(Web page caption snippets)
.....

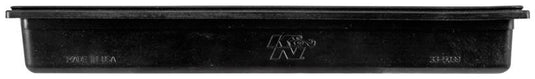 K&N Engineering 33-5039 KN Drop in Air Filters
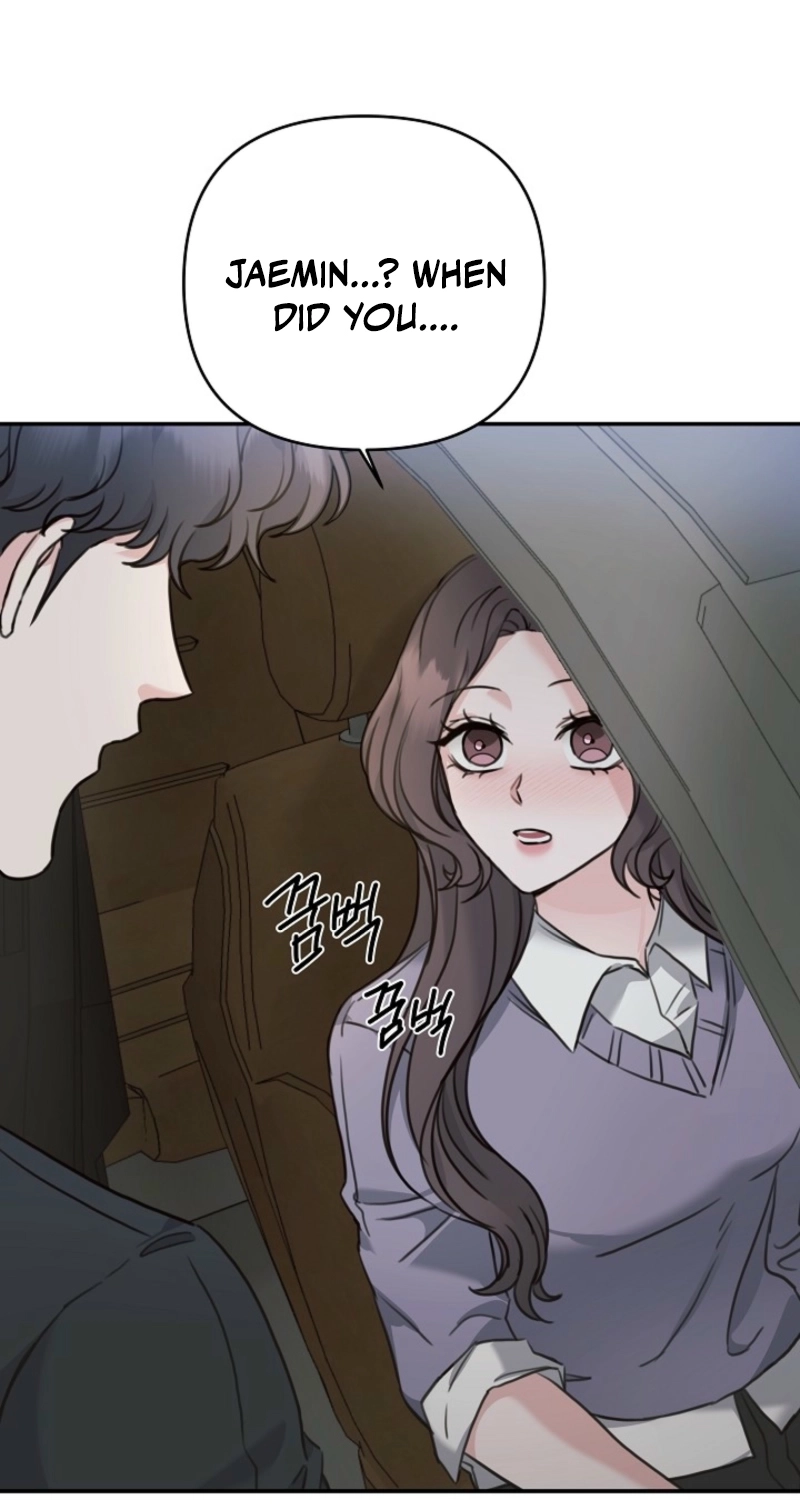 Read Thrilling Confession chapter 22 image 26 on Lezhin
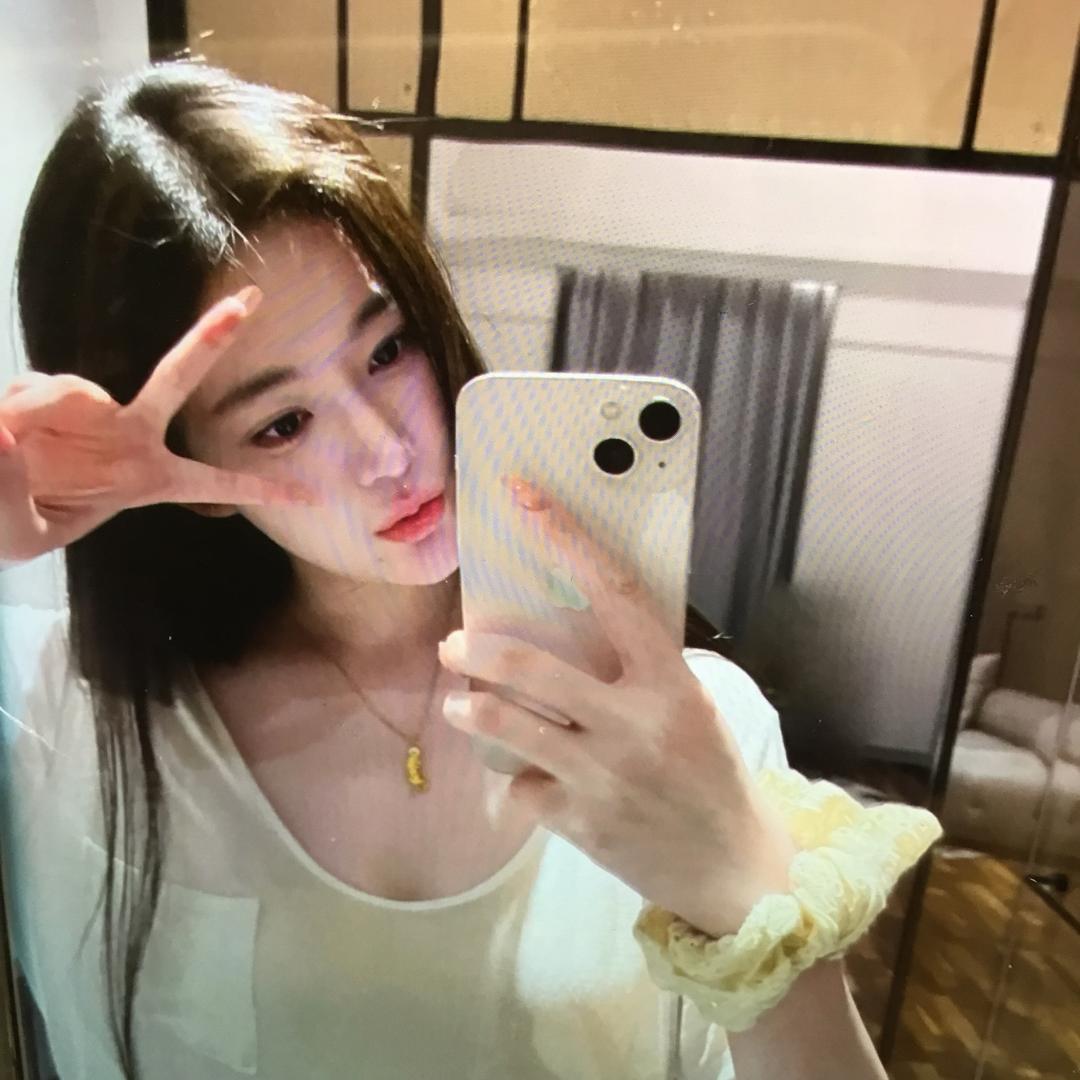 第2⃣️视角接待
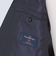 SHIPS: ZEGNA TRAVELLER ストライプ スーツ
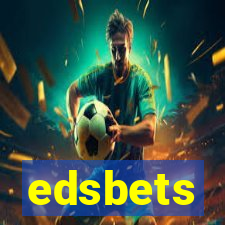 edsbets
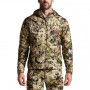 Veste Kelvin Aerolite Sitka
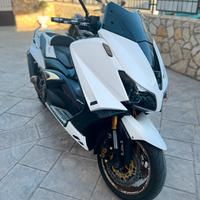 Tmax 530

.....

• _Exercise instructions_: Begin at the line that contains "SHIPS: ZEGNA TRAVELLER ストライプ スーツ" and transcribe exactly, and only, each line through the final line of the data above, both included; the pictures do not go in.

• _Response to the task_:
 SHIPS: ZEGNA TRAVELLER ストライプ スーツ
 edsbets
 Veste Kelvin Aerolite Sitka
 Tmax 530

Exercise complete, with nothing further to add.